HyperLogLog – Cornerstone of a Big Data Infrastructure

armon · on May 16, 2014

My previous job was at an advertising firm, and we used HyperLogLogs for almost all of our real-time analytics infrastructure. They are incredibly space and time efficient. Each "counter" fits into about a single page of memory, and can count into the trillions with <2% error.

We developed an extremely high performance server around it (hlld): https://github.com/armon/hlld.

We were typically hitting with with tens of thousands of requests per second across about 50K counters. Although it was benchmarked to >1MM ops a second.

Similarly, we also make bloomd, which is an equivalent for using bloom filters, which provide a more set-like abstraction: https://github.com/armon/bloomd

millisecond · on May 16, 2014

HLL also has two nice real-world optimizations possible depending on use-case.

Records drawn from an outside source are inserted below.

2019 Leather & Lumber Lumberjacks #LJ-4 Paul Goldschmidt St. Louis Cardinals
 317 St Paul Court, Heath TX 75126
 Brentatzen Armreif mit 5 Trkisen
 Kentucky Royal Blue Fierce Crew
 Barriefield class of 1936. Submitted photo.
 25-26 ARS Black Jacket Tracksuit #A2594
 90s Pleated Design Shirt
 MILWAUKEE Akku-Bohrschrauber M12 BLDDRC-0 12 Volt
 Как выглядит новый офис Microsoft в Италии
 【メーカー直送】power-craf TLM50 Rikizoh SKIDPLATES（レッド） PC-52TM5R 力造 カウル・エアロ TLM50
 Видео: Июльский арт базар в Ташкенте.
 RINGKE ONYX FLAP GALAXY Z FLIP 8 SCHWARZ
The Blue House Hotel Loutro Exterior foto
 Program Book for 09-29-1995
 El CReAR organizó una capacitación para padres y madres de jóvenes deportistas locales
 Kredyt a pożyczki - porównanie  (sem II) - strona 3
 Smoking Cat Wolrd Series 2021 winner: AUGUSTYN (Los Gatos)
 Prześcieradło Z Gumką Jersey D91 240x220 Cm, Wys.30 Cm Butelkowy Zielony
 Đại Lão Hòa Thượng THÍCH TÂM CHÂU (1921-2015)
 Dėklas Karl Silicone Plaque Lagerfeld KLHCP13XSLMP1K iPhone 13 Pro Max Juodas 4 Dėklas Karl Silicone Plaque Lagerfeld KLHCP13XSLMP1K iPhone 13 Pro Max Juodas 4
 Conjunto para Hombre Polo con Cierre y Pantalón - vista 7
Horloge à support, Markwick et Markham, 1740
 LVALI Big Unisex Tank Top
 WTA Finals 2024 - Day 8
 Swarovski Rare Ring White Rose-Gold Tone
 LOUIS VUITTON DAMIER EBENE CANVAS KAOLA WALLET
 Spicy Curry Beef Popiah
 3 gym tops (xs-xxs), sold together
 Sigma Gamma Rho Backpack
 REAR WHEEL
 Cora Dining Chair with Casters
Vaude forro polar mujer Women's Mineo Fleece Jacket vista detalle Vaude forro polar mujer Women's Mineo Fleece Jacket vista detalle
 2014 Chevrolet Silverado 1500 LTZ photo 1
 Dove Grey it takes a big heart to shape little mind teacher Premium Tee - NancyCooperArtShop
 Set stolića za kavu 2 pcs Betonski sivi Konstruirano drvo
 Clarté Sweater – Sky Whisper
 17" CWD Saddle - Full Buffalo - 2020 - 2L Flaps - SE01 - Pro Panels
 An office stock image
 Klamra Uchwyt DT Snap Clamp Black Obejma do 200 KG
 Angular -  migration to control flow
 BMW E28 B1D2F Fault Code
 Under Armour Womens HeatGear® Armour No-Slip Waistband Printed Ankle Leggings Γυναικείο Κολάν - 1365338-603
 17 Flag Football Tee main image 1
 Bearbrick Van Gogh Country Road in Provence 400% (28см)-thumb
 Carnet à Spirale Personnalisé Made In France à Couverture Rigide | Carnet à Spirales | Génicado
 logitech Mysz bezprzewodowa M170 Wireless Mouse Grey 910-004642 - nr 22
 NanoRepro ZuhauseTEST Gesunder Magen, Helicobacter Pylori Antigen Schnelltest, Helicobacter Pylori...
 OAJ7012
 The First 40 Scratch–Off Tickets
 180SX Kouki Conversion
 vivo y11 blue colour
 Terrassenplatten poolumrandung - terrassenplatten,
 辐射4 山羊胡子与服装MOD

We're storing 100,000+ unique counters, but only around 1% have more than 100 unique objects counted. Some of those 1% have millions of records so HLL is very useful. As the HLL itself is a fixed size (~10kb for decent accuracy) regardless of #counted objects, in the small case you can replace the HLL with a pure set of counted values and produce a HLL when it grows beyond a bound. Because you're storing the raw values, the transition to HLL is seamless.

Once you've moved beyond raw storage of values there's a harder but still space-saving technique. If you look at the raw bytes of a ~10kb HLL structure with "only" 10's of thousands of counted values around 90% of them will be zero. Below a certain bound it can save a lot of space to have a map of locations and non-zero byte values rather than a raw array of bytes.

cbsmith · on May 16, 2014

One thing people forget about in all the excitement over HLL's is how effectiveness of compressed bitsets, which aren't lossy and so yield precise answers. They exploit the same "90% of them will be zero" phenomenon for space and execution efficiency, but are much more flexible... in exchange for consuming more memory and being slower than HLL's.

iaw · on May 16, 2014

I must be missing something...

hyperion2010 · on May 16, 2014

Fairly certain this would be one of those generated papers.